=== EXCERPTED DATA ===
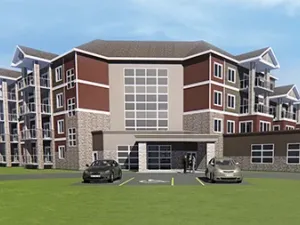 Artist's rendering of the new Heritage Life Retirement Living building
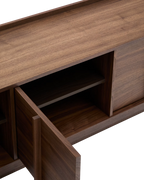 Mueble de TV Francis de melamina nogal oscuro 200 x 45 cm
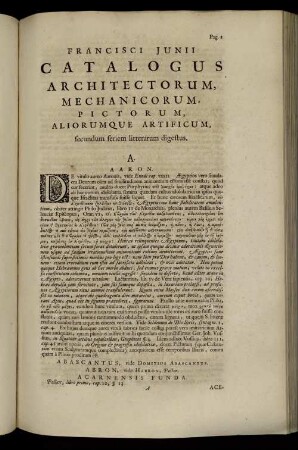 ... Catalogus Architectorum, Mechanicorum, Pictorum, Aliorumque Artificum, secundum seriem litterarum digestus.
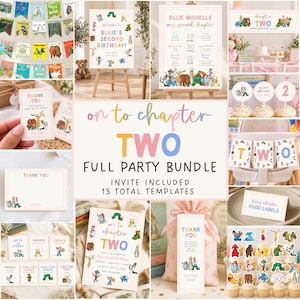 May include: A full party bundle featuring 13 templates with storybook character illustrations, pastel gingham patterns, and text including On to Chapter Two, Ellie Michelle, and Thank You. The set includes invitations, banners, signs, and labels.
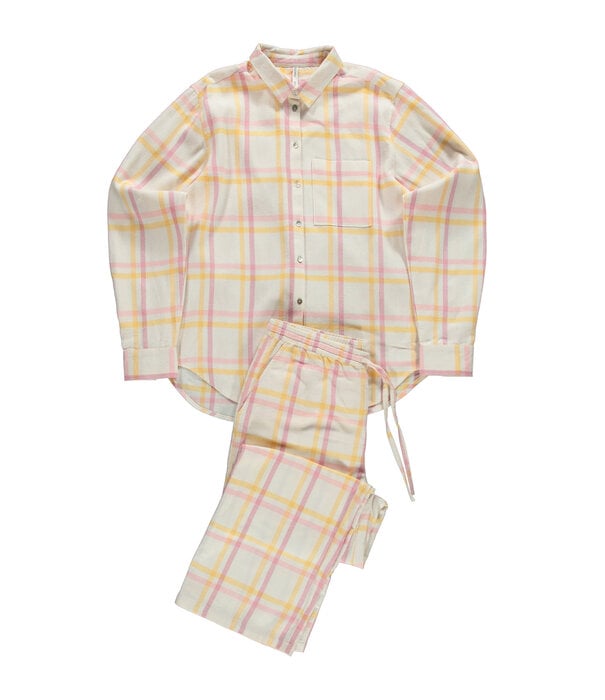 Dorélit Jamie+Alkes Pyjama Geel Roze Ruit
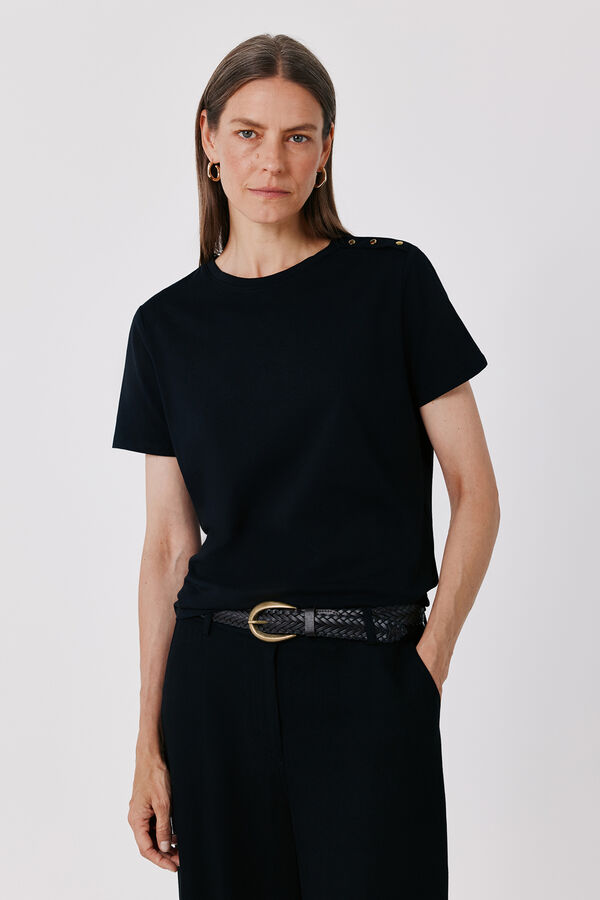 Cortefiel Gold button basic T-shirt Black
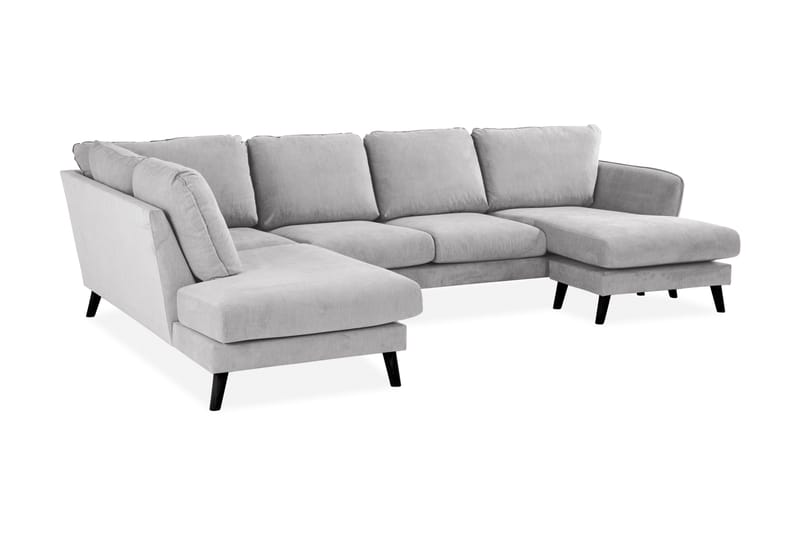 Trend Lyx 4-sits Vänstervänd U-formad Soffa med Divan och Schäslong i Tyg - Ljusgrå - Möbler - Vardagsrum - Soffor - U-soffor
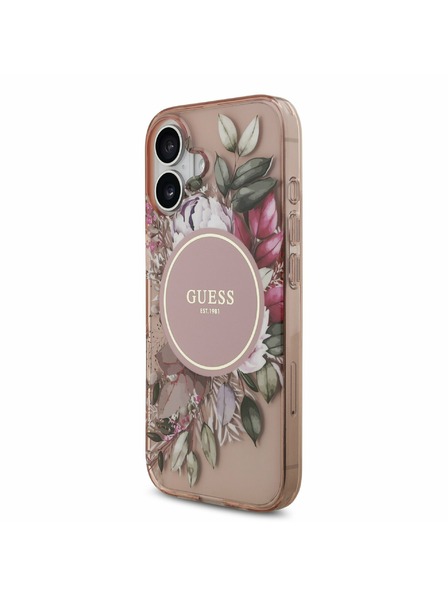 Guess Guess IML Flowers Strap MagSafe Zadní Kryt pro iPhone 17 Pink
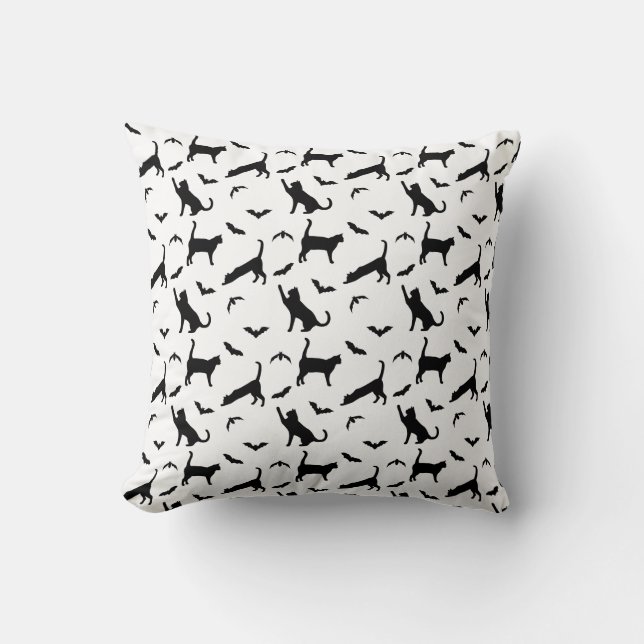 Black Cats And Bats Minimal Pattern Halloween Throw Pillow (Front)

=== WHAT TO DO ===
Copy the lines exactly. Start at the line with "May include: A", end at the last line above, include both, and omit all pictures.

=== RESPONSE TO THIS EXERCISE ===
 May include: A full party bundle featuring 13 templates with storybook character illustrations, pastel gingham patterns, and text including On to Chapter Two, Ellie Michelle, and Thank You. The set includes invitations, banners, signs, and labels.
 Dorélit Jamie+Alkes Pyjama Geel Roze Ruit
 Cortefiel Gold button basic T-shirt Black
 Trend Lyx 4-sits Vänstervänd U-formad Soffa med Divan och Schäslong i Tyg - Ljusgrå - Möbler - Vardagsrum - Soffor - U-soffor
 Guess Guess IML Flowers Strap MagSafe Zadní Kryt pro iPhone 17 Pink
 Black Cats And Bats Minimal Pattern Halloween Throw Pillow (Front)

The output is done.